The Cuban content creator @adianetttt, residing in Miami, shared a new video on TikTok yesterday showing the progress of the construction of her house in Cuba, accompanied by the message "Making progress every day more."
The clip shows the house built with uncoated concrete blocks, featuring a flat roof, with no windows or doors installed yet, and the surrounding land is unpaved. The text "Our little house in Cuba" appears over the images, encapsulating the pride with which this emigrant documents her project.
What makes this case special is the scale of the economic effort behind the project.

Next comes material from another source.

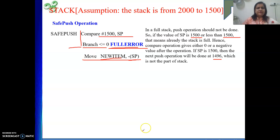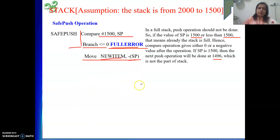In this video, I covered up to the safe push operation only. In the next video, we will see how to perform the safe pop operation. Thank you.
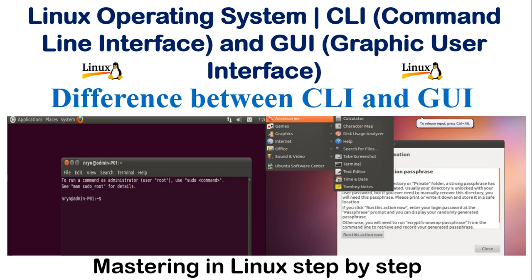Hey guys, welcome to my YouTube channel. This is the second video, where I will give you one more foundation before going further to learn Linux. This topic is all about the Linux operating system - specifically the CLI (command-line interface) and GUI (graphic user interface).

In December 2025, @adianetttt revealed that she purchased the property for $11,000 and that by that time, she had invested more than $60,000 in the reconstruction, including materials, labor, and trips to the island.
The detailed costs shared illustrate the challenges of building in Cuba: each wall cost her 3,500 dollars plus materials, and the slab of the house amounted to 7,000 dollars plus additional expenses.
The project is not limited to the basic structure. In March 2026, @adianetttt revealed that the house includes a concrete pool in the yard, which she is also building from scratch, "little by little and with a lot of sacrifice."
To maintain control over the construction from a distance, in January 2026, it went viral by showing how she monitors the construction from Miami using security cameras connected to a router with a prepaid phone line, along with an EcoFlow device that keeps the system operational during frequent power outages.
The case of @adianetttt reflects a trend that has gone viral on social media: Cuban emigrants who finance construction projects on the island through remittances, savings, and earnings from digital platforms, documenting the process in real-time for their followers.
This situation occurs amid a severe housing crisis in Cuba, with an estimated deficit of over 805,000 homes and a chronic shortage of materials that drives up the cost of any construction project.
92% of the remittances received by Cuba come from the United States, and Cubans in Miami send an average of $2,165 per year to their families on the island, according to data from elTOQUE, making emigration the primary driver of private construction in the country.